SimCert: Probabilistic Certification for Behavioral Similarity in Deep Neural Network Compression
This addresses the challenge of verifying compressed models in safety-critical embedded systems, representing an incremental improvement over existing methods.
The paper tackles the problem of ensuring behavioral fidelity in compressed deep neural networks for safety-critical systems, proposing SimCert, a probabilistic certification framework that provides quantitative safety guarantees and outperforms state-of-the-art baselines on benchmarks like ACAS Xu and computer vision tasks.
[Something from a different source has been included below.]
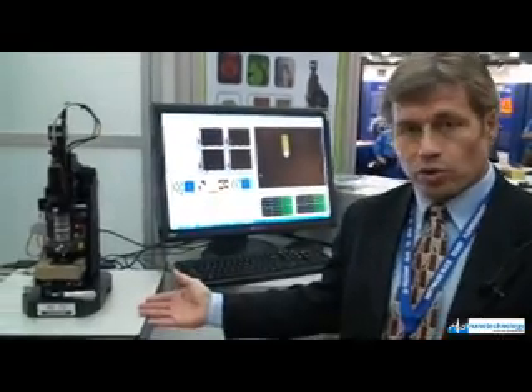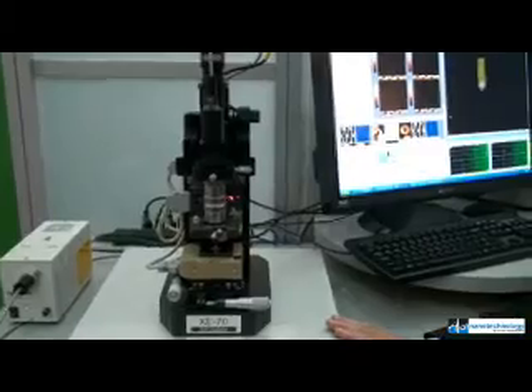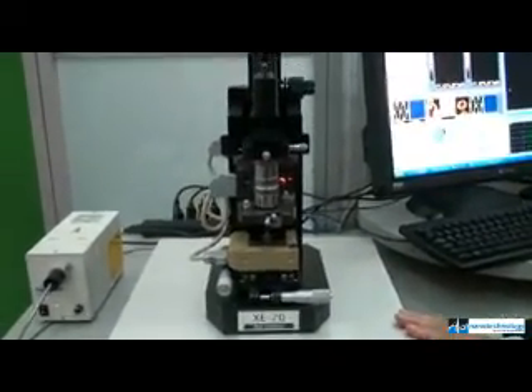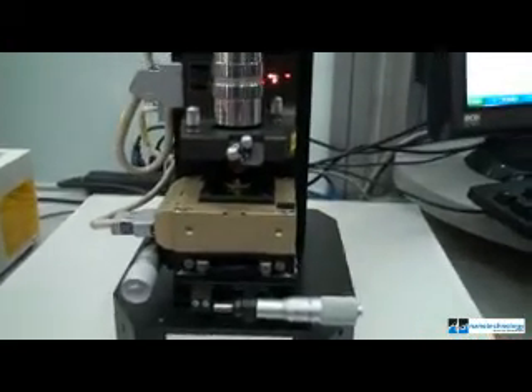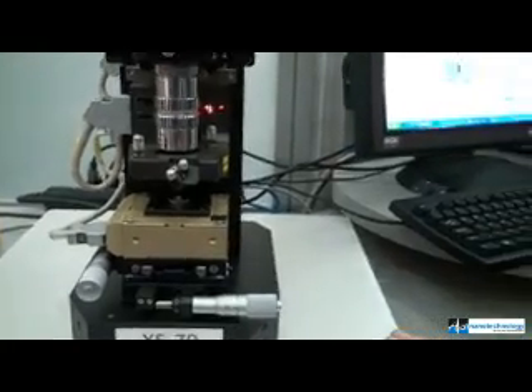The XE70 is an instrument used by academics and people in the research community to measure and inspect their parts at the atomic level. It is an instrument that has the ability to measure things with higher, finer resolution than you can achieve with standard microscopy.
Deploying Deep Neural Networks (DNNs) on resource-constrained embedded systems requires aggressive model compression techniques like quantization and pruning. However, ensuring that the compressed model preserves the behavioral fidelity of the original design is a critical challenge in the safety-critical system design flow. Existing verification methods often lack scalability or fail to handle the architectural heterogeneity introduced by pruning. In this work, we propose SimCert, a probabilistic certification framework for verifying the behavioral similarity of compressed neural networks. Unlike worst-case analysis, SimCert provides quantitative safety guarantees with adjustable confidence levels. Our framework features: (1) A dual-network symbolic propagation method supporting both quantization and pruning; (2) A variance-aware bounding technique using Bernstein's inequality to tighten safety certificates; and (3) An automated verification toolchain. Experimental results on ACAS Xu and computer vision benchmarks demonstrate that SimCert outperforms state-of-the-art baselines.